Almondine is an integral part of the Sawtelle family; as much a part of this small unit as John and Trudy and their new-born baby, Edgar. It was Almondine who served an almost mystical role in the Sawtelle home, her animal instincts presaging developments in Wroblewski’s narrative. In an early chapter titled, appropriately enough, “Almondine,” the story’s narrator describes the dog’s curiosity born of a type of sixth sense that something was going to happen despite her inability to ascertain precisely what it is that will happen. The chapter begins as follows:

“Eventually, she understood the house was keeping a secret from her. All that winter and all through the spring, Almondine had known something was going to happen, but no matter where she looked she couldn’t find it. Sometimes, when she entered a room, there was the feeling that the thing that was going to happen had just been there, and she would stop and pant and peer around while the feeling seeped away as mysteriously as it had arrived.”

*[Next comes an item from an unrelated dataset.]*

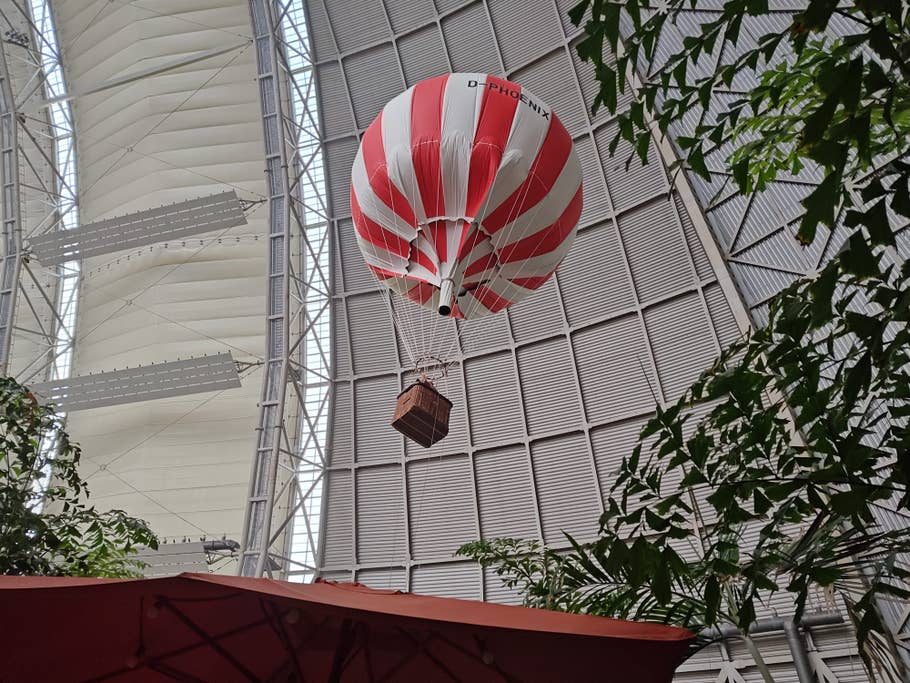 Motorola Edge+ (2023) review picture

The mysterious development would, we learn, be the introduction into the Sawtelle home of Edgar. As the reader discovers, much of The Story of Edgar Sawtelle is actually told from the dog’s perspective. Every development is presaged by Almondine’s premonitions of change, including the dog’s discovery of Edgar’s disability, his inability to speak. Noting the dog’s intuitive connection to her owners/family, the author writes:

“Somehow, Almondine concluded that they were worried about the baby, that something wasn’t right. And yet, she could see that the baby was fine: he squirmed, he breathed, he slept.”

So, we know form early-on that Almondine will play a major role in Edgar’s growth from baby to infant to child to budding teenager. Almondine is more than just Edgar’s companion, and a crucial means of communication for this mute boy. She becomes during the course of the story a symbiotic part of Edgar’s soul. Almondine, of course, dies, hit by a gravel truck, but the dog’s relationship to Edgar remains a constant theme in Wroblewski’s story, the visceral connection between dog and boy. In perhaps the novel’s most poignant passage, the narrator, in the last of the chapters titled “Almondine” (there are three spread-out through the novel), emphasizes once again the depth of this relationship. Having cryptically described Almondine’s death, Wroblewski now ends this chapter with the following:

“She stood broadside in the gravel and turned her head and asked her question. Asked if it had seen her boy. Her essence. Her soul. But if the traveler understood, it showed no sign.”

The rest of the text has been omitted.